The crowds of freshers thronged the University campus. The unusually bright sunshine beamed through the Old Royal Naval College Chapel windows spotlighting the soprano Eleanor Jones and pianist Clare Simmonds, both students at Trinity College of Music. After their sparkling performance to the 100 or so lunch time audience, the chaplain came over to me to say that I would be welcome to stay on for a significant memorial service for one of his most faithful congregation.
I had just enough time to go home and change into an appropriate tie and suit to take part in this rare and wonderful Thanksgiving Service. General Sir Ian Gourlay, once commandant of the Royal Marines who had settled in Greenwich, living in Hyde Vale a few doors away from our old home at 58 – our children will remember waving to him in his chauffeur driven staff car on his way to Whitehall – a tall and distinguished gentleman who was persuaded by Lord Mountbatten to get involved in his retirement with Atlantic College in the UK for one and all. Ian’s dedicated energy has helped expand UWC throughout the world and I remember our shared commutes up to town on his way to some faraway country to lead their extraordinary expansion.
A natural leader of men with great kindness and humility – a generous host who entertained at home as if it was in a naval wardroom – his skill at making one comfortable in a unique downstairs bar echoed his military background in the Far East and Cyprus.
A well loved past chaplain, The Revd Sally Davies reminded us how seriously Sir Ian took the ceremonial part of Remembrance Sunday and how it should be performed. His dignified manner of laying down the wreath in front of the alter at the precise hour as the Chapel bell tolled will always be remembered with respect.
The band of the Royal Marines led us through a series of anthems and prayers with a lone trumpeter, high in the gallery, playing the the Sunset bugle call that left all with a tear in the eye.

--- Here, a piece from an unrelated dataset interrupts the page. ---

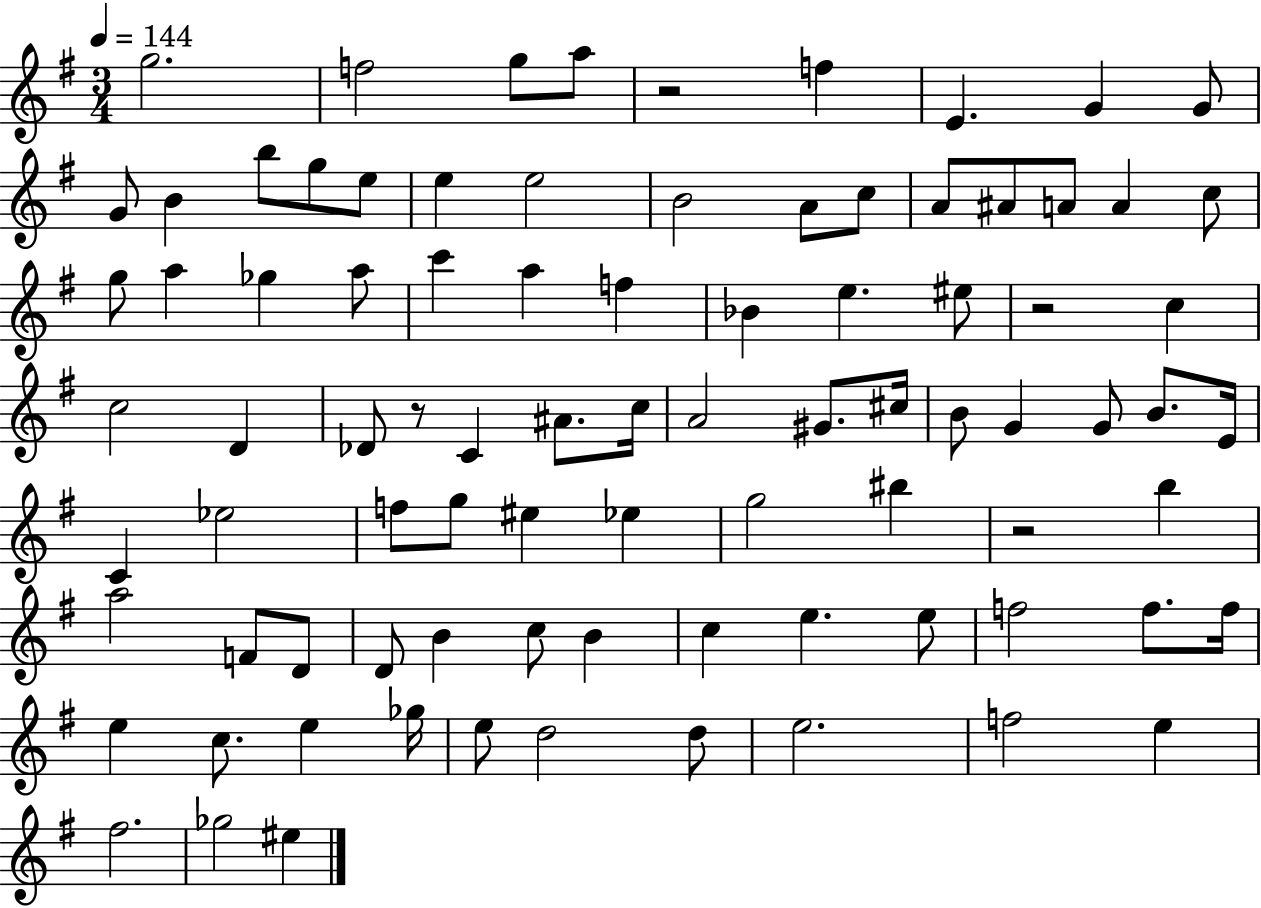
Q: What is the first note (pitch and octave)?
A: G5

Ian had preplanned this remarkable occasion one of many that I have witnessed on Naval occasions through the year both in the chapel and the Painted Hall.
Looking around the packed Chapel one recognised folk from every walk of life who gathered to pay their respects – this demonstrated his noble talents.
May I also suggest that the multi functional role of the ORNC is also an inspiration for us all as is the University and the College of Music as they play such a significant role in state and civic events.